All of the floral products are date-coded to ensure freshness. Store employees “know when the product’s coming, and they know what the shelf life is, but they’re constantly looking at the product,” Mr. Poutre says. “It’s our [corporate staff] obligation to make sure that they get the freshest product at store level so they can satisfy the customers’ needs.”

The corporate staff procures the products, and floral managers order from that supply to ensure they have the right products and supply to meet their customers’ needs. Stop & Stop also sends out a daily note via intranet to the floral managers on market conditions, availability or any retail changes—“just everyday maintenance,” Mr. Poutre says.

In addition to that daily communication, the floral operation sends weekly merchandising bulletins that tell the focal items and give planograms. “There is still some flexibility because so many of our formats are different,” Mr. Poutre says. “It’s hard to just say, ‘This is where everything goes.’”

spurring impulse sales
A merchandising effort that Stop & Shop has had tremendous success with is its use of supplemental displays for cut flowers. On Fridays, Saturdays and Sundays—and every day for the high-volume stores—the floral departments display the “hot” cut flowers that week, such as tulips and daffodils, in mobile merchandisers in the departments and at store entrances.

“These displays give us tremendous incremental volume of up to a 20 percent increase in sales,” Mr. Poutre says. “Who can resist fresh cut tulips or a vibrant bouquet?” The supplemental item at the Boston store during Super Floral Retailing’s visit was tulip bunches for $6.99, displayed at the edge of the department right as customers entered the store—where they couldn’t miss them.

The departments also set up arrangement tables at the front of the stores, usually on weekends, to highlight the custom design work they do. The tables showcase designs with different price points, textures and styles. “That makes a statement to the customer that these are the things that we can offer you, and we can custom design them for you,” Mr. Poutre says. Shoppers can have arrangements made while they shop. That happens “all the time,” Mr. Poutre says. “We don’t refuse an order.”

Mr. McAllister, of the Boston store, says arrangements are big sellers at his store. The average price point ranges from $30 to $40. His cooler is full of arrangements for all occasions, including gift giving and home décor.

delivering success
Signage throughout the department advises customers that the floral department delivers, an initiative that started in November in the Massachusetts stores. The company has a “hub-and-spoke” delivery model, with six stores that service most of the state of Massachusetts. “Instead of having every store with a dedicated van and driver, we’re able to keep it regional so that the fulfillment happens out of one central area,” Mr. Poutre says.

The addition of delivery has been a “tremendous success,” he says, and it has allowed the company to get more funeral business, an area that is growing for the company. It also complements its wedding business, which already is highly successful. Mr. Poutre estimates Stop & Shop provides flowers for 8,000 to 10,000 weddings a year.

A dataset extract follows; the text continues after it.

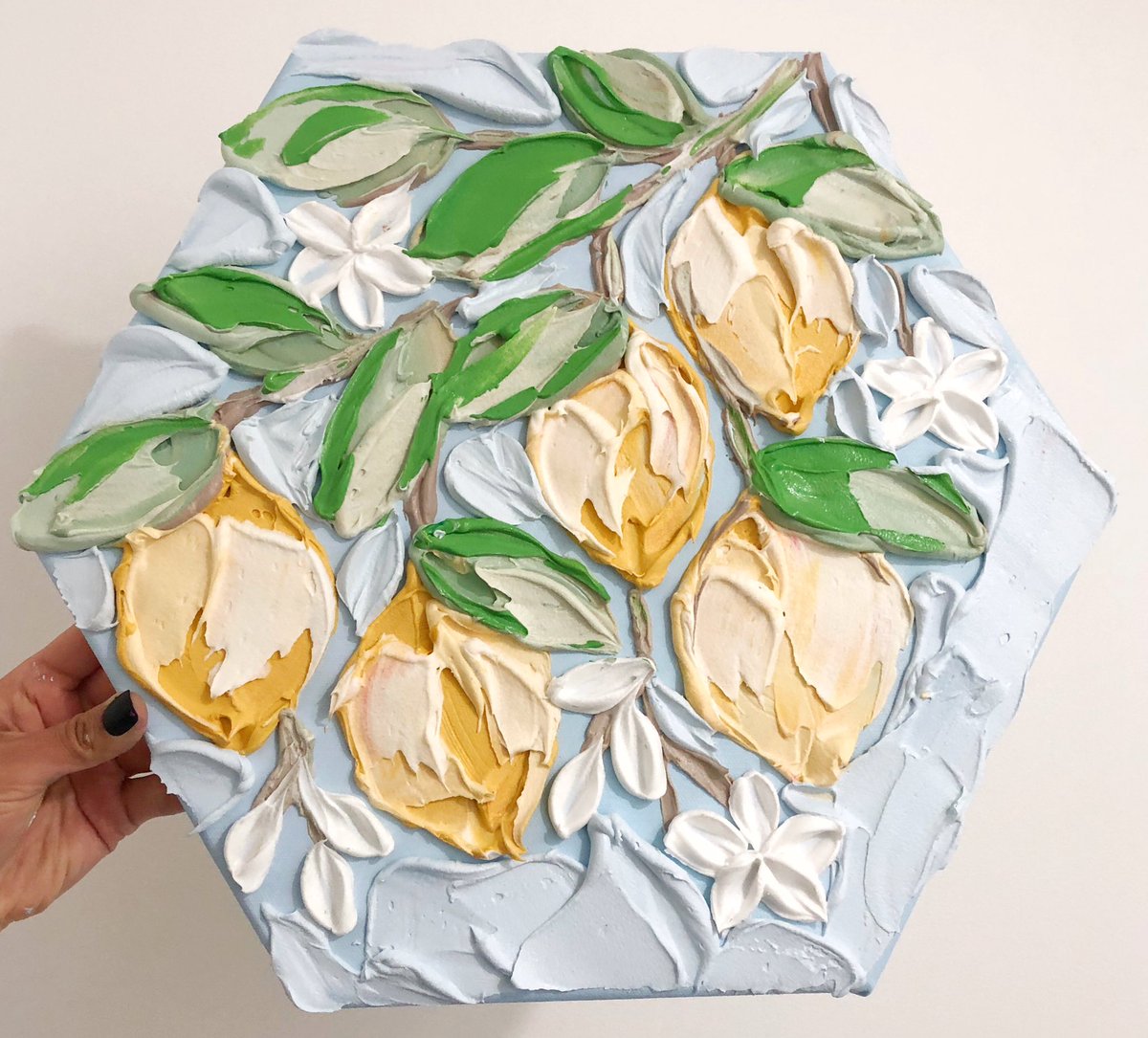 BTCBYYAYA's tweet photo. Lemons are coming back 🍋

April 4th at noon cst! https://t.co/EGSeJQfca5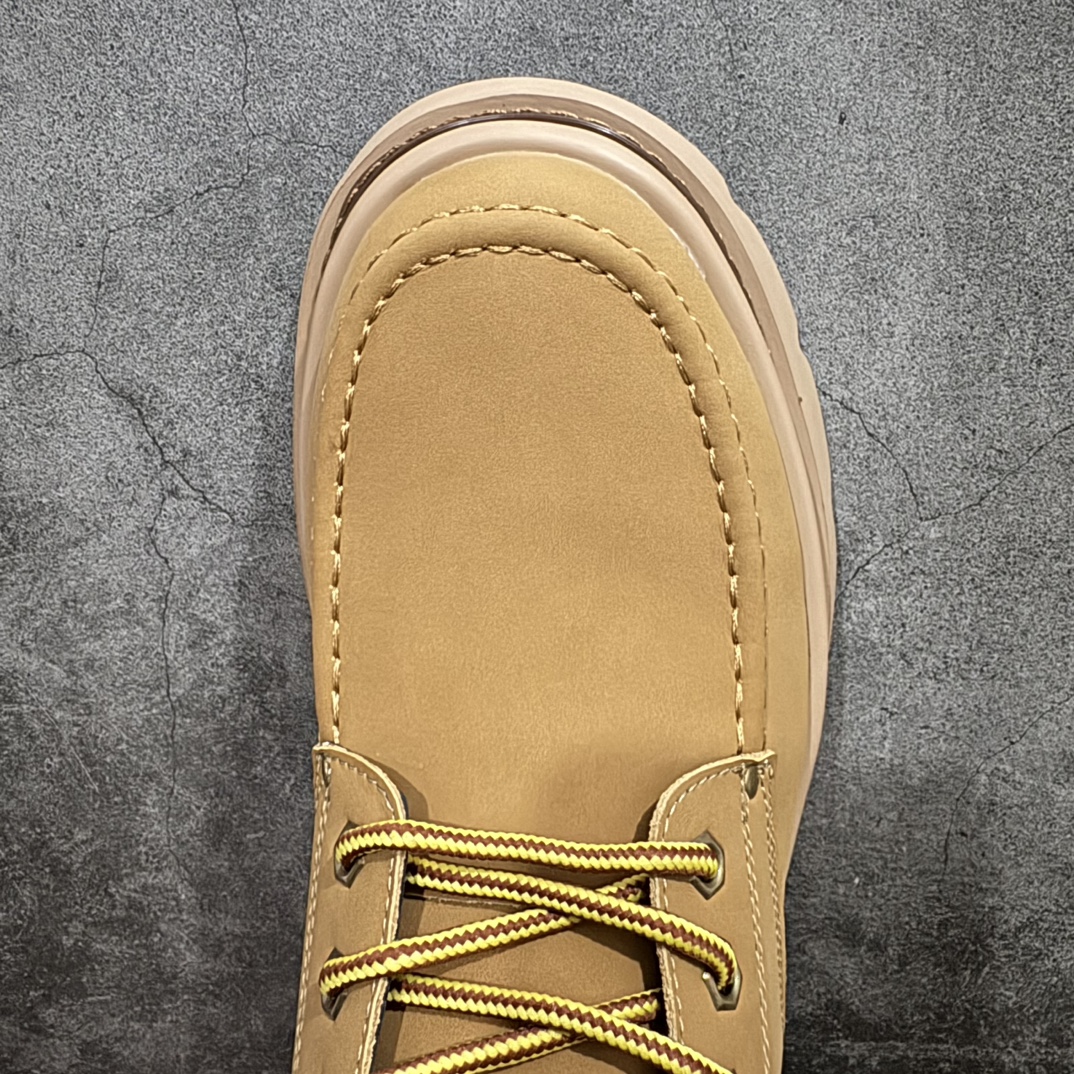 图片[5]-【广东纯原版本】Lv x Timberland Lv联名添柏岚大黄靴 顶奢流量品牌与时代经典的结合之作 巴黎时装首秀n#代购专供品质 高弹Modern 外置防滑橡塑发泡超轻大底 系带设计 穿脱十分方便 采用TPU模压定型真皮鞋面材质#EVA轻翼科技外底具有防滑,耐磨和良好的弹性Pharrell Williams充分发挥了作为Louis Vuitton创意总监的角色 这款鞋重新定义了6英寸大黄靴的经典设计 致敬1996年Grandmaster Flash经典黄靴造型n原厂五金鞋带扣 工艺全新升级中山大厂代工 原单进口皮料独立私模大底，正确logo，n原装一致头层磨砂皮 搭配经典老花领口n全新原厂包装鞋盒 市场独家供应 尺码：38-44（皮鞋码） 编码：TL430350-鞋库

Mr. McAllister says, “I do a lot of weddings, some of them last minute. I had one last week who wanted them for the next day!” He helped the couple and saved the day. From April to October, his store sometimes handles three weddings a week, with a staff of two full-timers and two part-timers (like other Stop & Shops, he can pull from cross-trained staffers in other departments during busy times).

meeting needs
Stop & Shop prides itself on the kind of service that Mr. McAllister offered the last-minute wedding couple. The company takes steps to make sure it is always meeting customers’ needs by talking with shoppers, having corporate staff in the stores and getting feedback through more formal research.

“Our market research department does a lot of consumer diary panel research and blind panel research, and we’re always looking” at the results, Mr. Poutre says. In fact, the senior management of the company recently spent an entire day looking at the data for 2005. “It’s something we take very seriously,” he says, “because our customers are the boss.”